▶ Aim of the task: From the entries that follow, copy exactly the lines beginning at the line holding "Diamond 14 Karat" and continuing through the line holding "Shinny Soft leather".

▶ Material for this task:

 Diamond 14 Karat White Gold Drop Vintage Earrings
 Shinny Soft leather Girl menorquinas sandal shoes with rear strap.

==

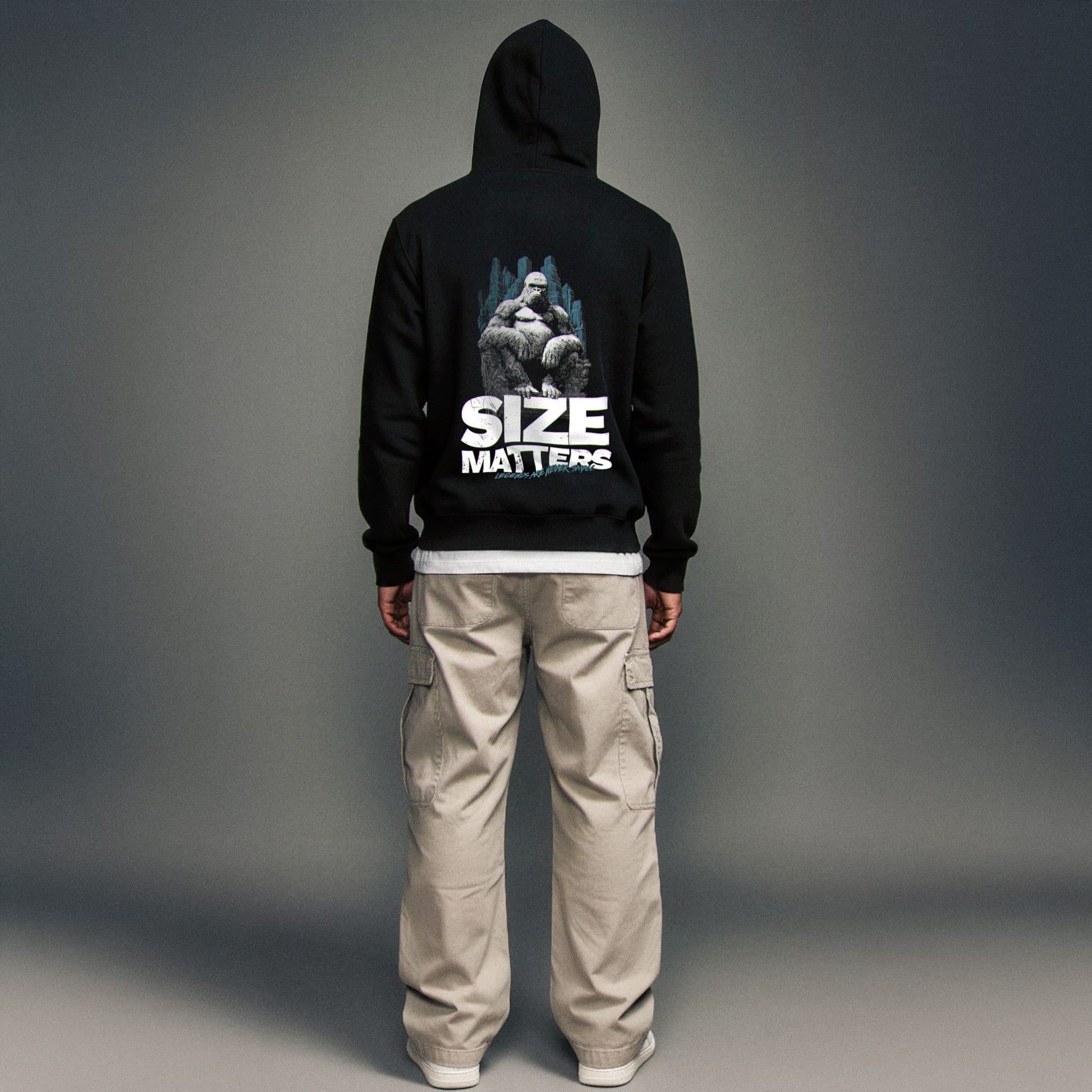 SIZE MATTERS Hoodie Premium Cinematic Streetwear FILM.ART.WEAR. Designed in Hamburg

▶ Written reply:
 Diamond 14 Karat White Gold Drop Vintage Earrings
 Shinny Soft leather Girl menorquinas sandal shoes with rear strap.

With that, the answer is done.